Can hydrogen bonds improve the hole-mobility in amorphous organic semiconductors? Experimental and theoretical insights

Abstract

Five hole-transporting triphenylamine derivatives containing methoxy and methyl groups are synthesized and investigated. The hole-mobility increases in the presence of methyl and methoxy substituents, exceeding 10⁻² cm² V⁻¹ s⁻¹ in the case of methyl groups. Quantum mechanical calculations on these compounds indicate very different dipole moments and intermolecular interaction strengths, with intriguing correlations with the trend in hole-mobility.

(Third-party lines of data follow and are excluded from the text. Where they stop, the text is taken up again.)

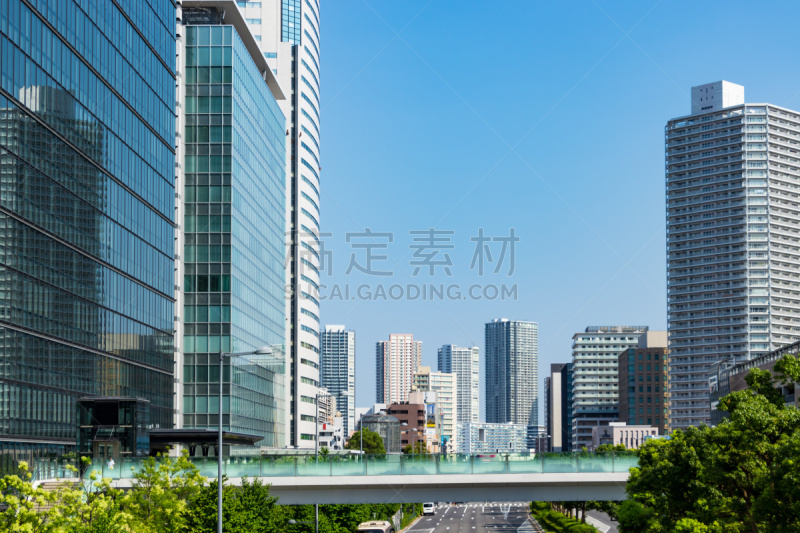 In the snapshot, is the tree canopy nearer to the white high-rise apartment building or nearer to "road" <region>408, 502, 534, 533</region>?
"road" <region>408, 502, 534, 533</region>

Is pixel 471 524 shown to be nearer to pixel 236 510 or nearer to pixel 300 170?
pixel 300 170

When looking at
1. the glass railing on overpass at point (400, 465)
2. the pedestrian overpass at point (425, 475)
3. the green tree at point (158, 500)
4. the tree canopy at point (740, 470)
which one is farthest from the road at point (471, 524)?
the tree canopy at point (740, 470)

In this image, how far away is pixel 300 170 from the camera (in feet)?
557

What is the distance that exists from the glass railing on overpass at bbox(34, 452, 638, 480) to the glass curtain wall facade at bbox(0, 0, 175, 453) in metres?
10.7

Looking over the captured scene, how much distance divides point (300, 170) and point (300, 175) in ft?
2.82

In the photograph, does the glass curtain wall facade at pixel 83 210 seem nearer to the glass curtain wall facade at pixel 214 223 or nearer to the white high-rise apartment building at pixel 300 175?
the glass curtain wall facade at pixel 214 223

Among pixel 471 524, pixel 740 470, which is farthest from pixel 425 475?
pixel 471 524

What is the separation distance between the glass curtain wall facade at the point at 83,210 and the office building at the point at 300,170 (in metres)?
60.5

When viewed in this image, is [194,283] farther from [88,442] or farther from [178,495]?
[178,495]

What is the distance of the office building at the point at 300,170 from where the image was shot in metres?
160

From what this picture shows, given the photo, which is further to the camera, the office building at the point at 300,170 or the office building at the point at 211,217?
the office building at the point at 300,170

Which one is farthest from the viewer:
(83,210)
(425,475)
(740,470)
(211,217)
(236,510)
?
(211,217)

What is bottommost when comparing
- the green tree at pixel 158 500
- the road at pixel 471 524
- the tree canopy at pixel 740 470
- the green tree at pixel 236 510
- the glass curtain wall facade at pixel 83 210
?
the road at pixel 471 524

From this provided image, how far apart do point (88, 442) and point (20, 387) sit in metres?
5.66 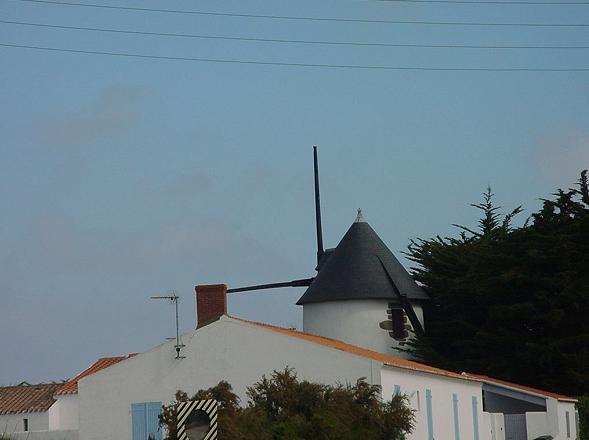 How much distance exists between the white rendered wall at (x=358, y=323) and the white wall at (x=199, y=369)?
49.7ft

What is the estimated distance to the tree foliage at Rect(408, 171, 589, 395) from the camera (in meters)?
50.6

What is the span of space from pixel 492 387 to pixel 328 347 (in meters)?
10.6

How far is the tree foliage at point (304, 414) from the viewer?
88.9 ft

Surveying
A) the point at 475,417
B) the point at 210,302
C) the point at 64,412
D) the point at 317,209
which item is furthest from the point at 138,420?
the point at 317,209

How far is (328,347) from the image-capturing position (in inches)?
1398

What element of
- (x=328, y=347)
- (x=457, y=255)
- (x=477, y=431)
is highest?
(x=457, y=255)

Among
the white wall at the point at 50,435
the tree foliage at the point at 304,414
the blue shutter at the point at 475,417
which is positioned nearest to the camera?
the tree foliage at the point at 304,414

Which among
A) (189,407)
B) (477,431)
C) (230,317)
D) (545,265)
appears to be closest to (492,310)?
(545,265)

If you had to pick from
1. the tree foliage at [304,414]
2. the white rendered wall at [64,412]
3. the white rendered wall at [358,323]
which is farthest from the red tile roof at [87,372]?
the tree foliage at [304,414]

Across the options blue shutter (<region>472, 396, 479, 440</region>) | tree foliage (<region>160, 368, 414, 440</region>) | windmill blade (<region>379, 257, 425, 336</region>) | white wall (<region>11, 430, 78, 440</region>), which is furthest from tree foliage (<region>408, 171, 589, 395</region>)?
tree foliage (<region>160, 368, 414, 440</region>)

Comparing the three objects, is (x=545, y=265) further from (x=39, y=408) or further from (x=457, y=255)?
(x=39, y=408)

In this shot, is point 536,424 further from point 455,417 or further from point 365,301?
point 365,301

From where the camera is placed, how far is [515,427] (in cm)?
4338

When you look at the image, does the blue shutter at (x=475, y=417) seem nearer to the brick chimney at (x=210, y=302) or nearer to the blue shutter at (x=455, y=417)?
the blue shutter at (x=455, y=417) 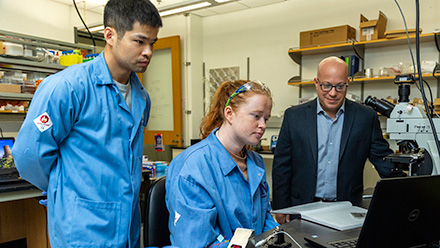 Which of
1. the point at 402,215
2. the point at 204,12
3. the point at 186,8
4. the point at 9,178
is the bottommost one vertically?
the point at 9,178

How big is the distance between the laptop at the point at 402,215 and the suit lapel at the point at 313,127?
2.62ft

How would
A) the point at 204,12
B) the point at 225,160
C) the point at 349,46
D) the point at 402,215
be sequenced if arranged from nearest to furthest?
the point at 402,215 → the point at 225,160 → the point at 349,46 → the point at 204,12

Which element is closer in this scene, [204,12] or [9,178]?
[9,178]

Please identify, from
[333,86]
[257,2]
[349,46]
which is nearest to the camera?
[333,86]

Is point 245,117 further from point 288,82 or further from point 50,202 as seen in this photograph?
point 288,82

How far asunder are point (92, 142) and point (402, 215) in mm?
1008

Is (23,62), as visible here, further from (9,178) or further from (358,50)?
(358,50)

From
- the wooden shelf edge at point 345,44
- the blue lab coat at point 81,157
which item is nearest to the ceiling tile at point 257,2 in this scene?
the wooden shelf edge at point 345,44

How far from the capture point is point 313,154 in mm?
Answer: 1753

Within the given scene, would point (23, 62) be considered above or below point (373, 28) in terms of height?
below

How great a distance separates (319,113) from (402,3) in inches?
104

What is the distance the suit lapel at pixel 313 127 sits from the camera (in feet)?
5.76

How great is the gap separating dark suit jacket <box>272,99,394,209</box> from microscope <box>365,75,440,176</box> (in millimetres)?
403

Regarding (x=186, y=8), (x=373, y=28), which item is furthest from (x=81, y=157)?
(x=373, y=28) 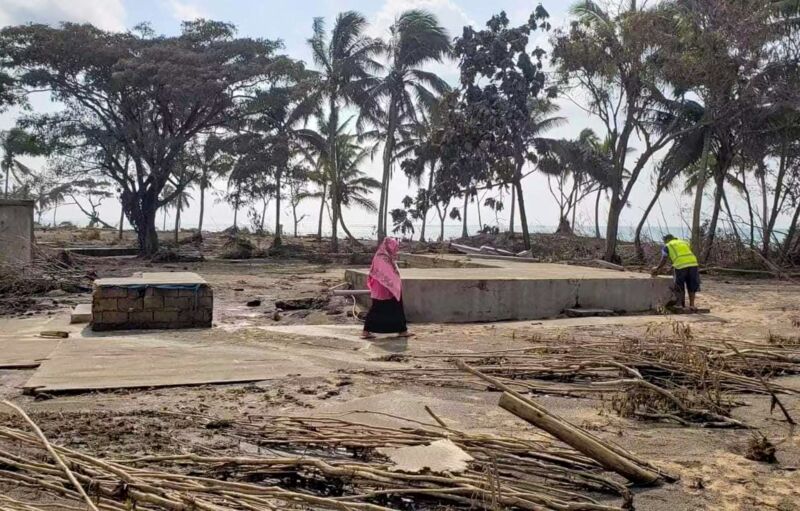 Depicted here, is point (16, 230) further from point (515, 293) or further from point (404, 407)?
point (404, 407)

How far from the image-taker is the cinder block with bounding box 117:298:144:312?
332 inches

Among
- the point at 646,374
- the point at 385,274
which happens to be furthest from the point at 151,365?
the point at 646,374

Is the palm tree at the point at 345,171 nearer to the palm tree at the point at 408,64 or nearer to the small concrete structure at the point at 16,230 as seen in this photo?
the palm tree at the point at 408,64

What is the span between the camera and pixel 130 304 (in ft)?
27.8

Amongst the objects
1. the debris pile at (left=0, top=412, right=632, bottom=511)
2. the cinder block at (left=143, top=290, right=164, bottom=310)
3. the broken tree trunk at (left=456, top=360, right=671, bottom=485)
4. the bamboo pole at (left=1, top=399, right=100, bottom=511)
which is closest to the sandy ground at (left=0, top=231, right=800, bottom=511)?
the broken tree trunk at (left=456, top=360, right=671, bottom=485)

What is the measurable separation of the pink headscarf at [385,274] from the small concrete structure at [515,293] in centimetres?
158

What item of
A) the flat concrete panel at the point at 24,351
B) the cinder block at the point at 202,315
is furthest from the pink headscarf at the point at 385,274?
the flat concrete panel at the point at 24,351

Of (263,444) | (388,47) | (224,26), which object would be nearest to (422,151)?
(388,47)

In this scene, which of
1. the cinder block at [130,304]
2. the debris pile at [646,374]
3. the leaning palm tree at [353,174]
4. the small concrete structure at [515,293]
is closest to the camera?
the debris pile at [646,374]

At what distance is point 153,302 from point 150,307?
69mm

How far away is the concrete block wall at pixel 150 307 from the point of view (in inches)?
329

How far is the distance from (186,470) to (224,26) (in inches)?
987

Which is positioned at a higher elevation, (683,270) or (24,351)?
(683,270)

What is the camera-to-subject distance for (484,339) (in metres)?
8.31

Temperature dependent hole-mobility measurements indicate disorder dominated hole transport. The values of the energetic disorder parameter (σ) decrease upon methyl and methoxy substitutions despite the increase in dipole moments. This trend is discussed as a function of the interaction energy between adjacent molecules, the dipole moment, the molecular polarizability, and the conformational degree of freedom. Our results indicate that the global decrease of σ upon methyl and methoxy substitutions is dominated by the larger decrease in the geometrical randomness component of the energetic disorder. A direct correlation is established between the decrease in geometrical randomness and the increase in intermolecular interaction energies, mainly stemming from the additional C–H⋯π, O, N hydrogen bonds induced by methyl and methoxy groups.